SUPPLIED INFORMATION:
....................

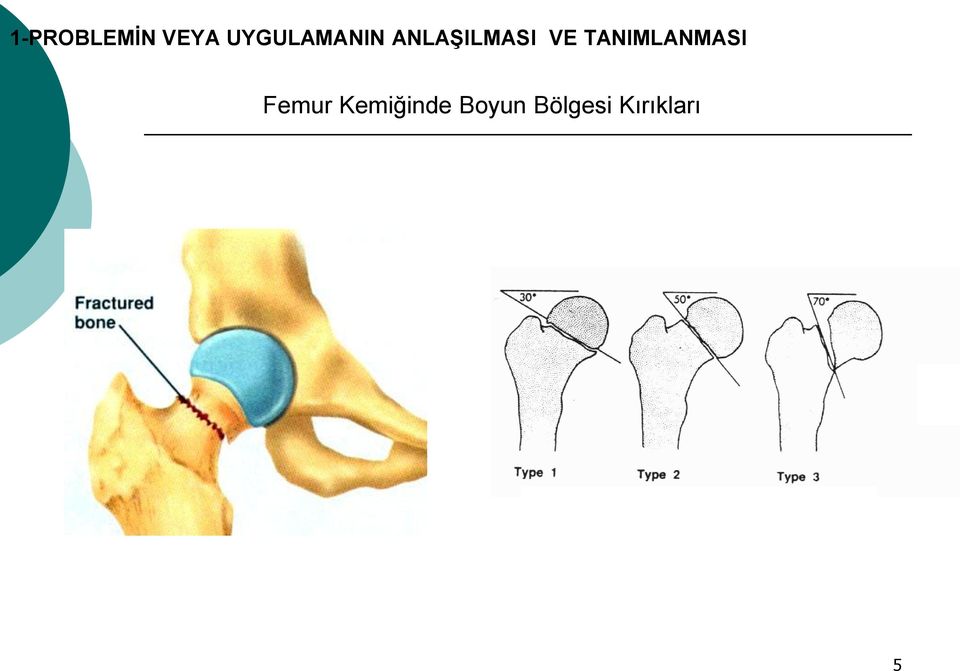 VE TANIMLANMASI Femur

....................

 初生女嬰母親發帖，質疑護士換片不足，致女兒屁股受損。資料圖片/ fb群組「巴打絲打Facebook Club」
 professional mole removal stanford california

....................

WHAT THE TASK REQUIRES:
Retype word for word everything in the listing above from the line that holds "初生女嬰母親發帖，質疑護士換片不足，致女兒屁股受損。資料圖片/ fb群組「巴打絲打Facebook Club」" down to the line that holds "professional mole removal". Keep both end lines and leave out the rest.

TASK OUTPUT:
 初生女嬰母親發帖，質疑護士換片不足，致女兒屁股受損。資料圖片/ fb群組「巴打絲打Facebook Club」
 professional mole removal stanford california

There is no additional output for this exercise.